A couple of points merit mention:
  • One of the first known examples of planned obsolescence was hatched by a global organization of businesses called the Phoebus Cartel. In December of 1924, the cartel hatched and initiated a secret plan to increase sales of light bulbs by bringing the average bulb's lifespan from 2,500 hours down to 1,000 hours. It took several years of engineering and testing to finally build light bulbs that reliably burned out at about 1,000 hours, but the plan finally succeeded. Giant businesses such as General Electric participated in this plan to boost profits by selling light bulbs intentionally designed to fail sooner.
  • Under the guidance of the brilliant engineer and master marketer Alfred P. Sloan, General Motors (president, chairman and/or CEO from the 1920s through the 1950s), along with designer Harley J. Earl, pioneered the concept of psychological obsolescence, e.g., by inventing annual car and truck model changes. That was do to make last and previous year's vehicles look and feel obsolete or shabby compared to newer year models. One tactic that GM used was to flog a new car sales as hard as the GM sales force could, but then the instant a new car was sold, the sales people would instantly pivot to a ruthless psychological campaign to instill regret in the new car buyer by shifting the consumer's focus from their brand new car. The focus changed from how great this new car is to how great the new and improved model that will come out next year compared to the one you just bought. This sales tactic started even before the buyer had driven a new car off the lot. Psychological obsolescence was worth billions is sales to GM over the decades. From what I can tell, GM marketing worked so well that most Americans actually came to believe the propaganda that what is good for GM is good for America.
  • Modern products are obsolescence planned. The Throughline program discusses the iPhone as a prime example. Batteries were built to fail and not be replaceable until enough consumer complaints forced just enough changes to mostly blunt the complaints. The overall iPhone strategy is to force customers to replace their designed-to-fail iPhones as soon as psychologically acceptable to consumers


    One way to see this more broadly
    Stepping back and looking broadly, essentially all American political, religious and business elites are well-grounded in cutting edge propaganda technology, which includes planned obsolescence. It arguably amounts to a propaganda movement. Most of the public is mostly unaware of how pervasive and effective it is, maybe because,  like fish in water, most people can't see it because it is everywhere and therefore nowhere. That is no accident. The elites use propaganda technology ruthlessly and relentlessly on average citizens to get what they want, often or usually by deceit, flawed reasoning, irrational emotional appeals, and irrationally fomented social division and polarization. The latter tactic applies to all three of modern American politics, American Christian religion and American business.

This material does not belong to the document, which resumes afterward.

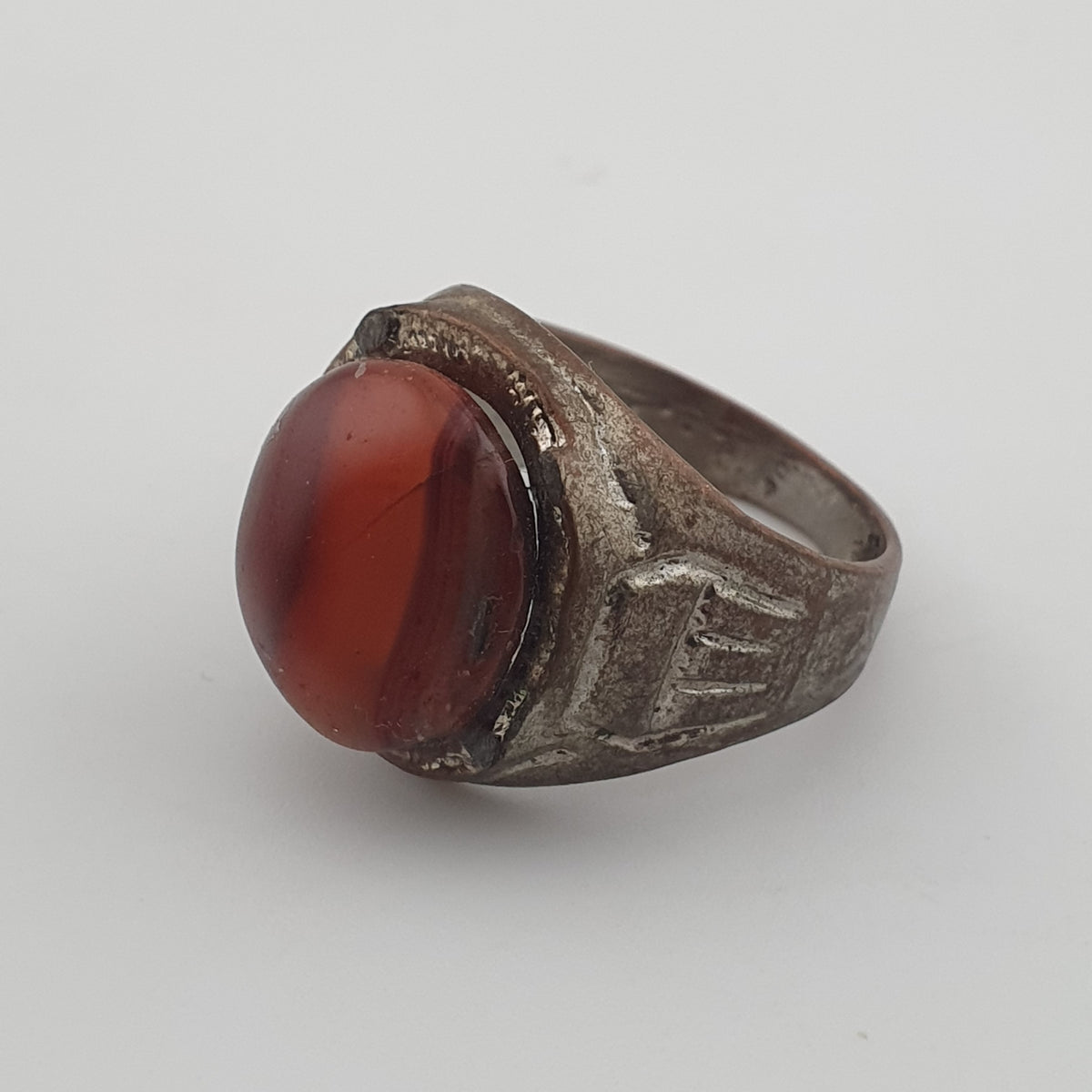 Antique Brass Ring with Agate Stone Rustic Artisan Statement Ring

    What do the elites want? For the most part, and regardless of what they say to the contrary or how hard or often they say it, the elites in America want and are getting wealth and power concentrated among themselves at the expense of the masses (the mob as they see us, or as Trump has called us, "disgusting people"). In general, two kinds of ideology or mindset drives the wealth and power trickle up in modern America, laissez-faire capitalism and radical fundamentalist Christian theocracy.

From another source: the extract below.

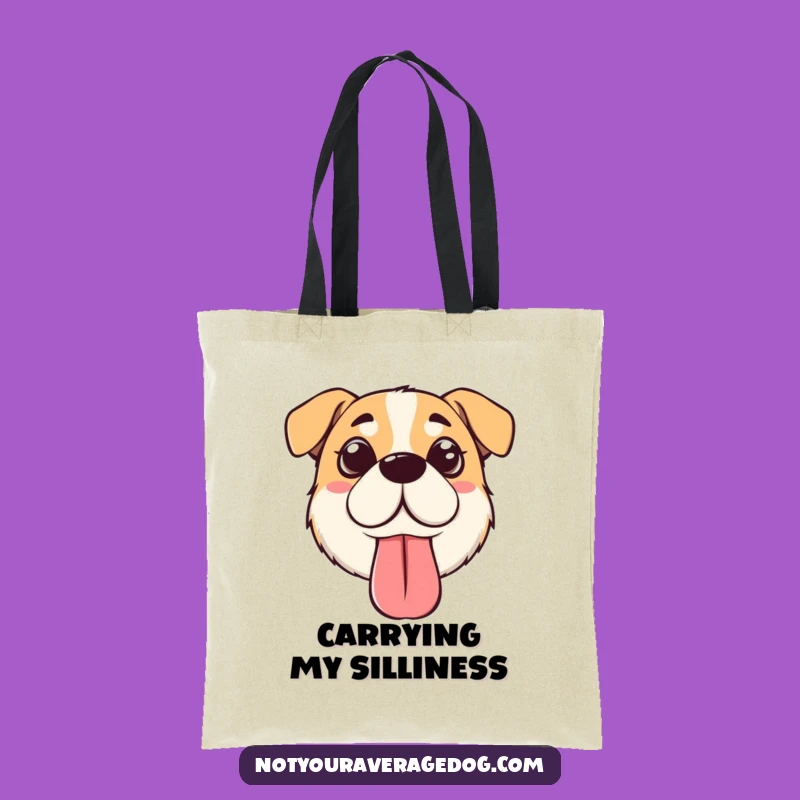 Funny Silly Dog Face Tote Bag: Carry Your Dog's Charm Everywhere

    That is the real us vs. them fight that is now underway in America, and liberal democracies elsewhere. Planned obsolescence is just one manifestation of the bigger picture. 

    When an apologist for hard core capitalism tells you that capitalism works because it is based on selling the best products at the lowest cost to maximize benefit to all people, it is fair and balanced to tell them they are full of crap and either ignorant or lying. Yes, some businesses are exceptions, but most or all of the big ones are not. 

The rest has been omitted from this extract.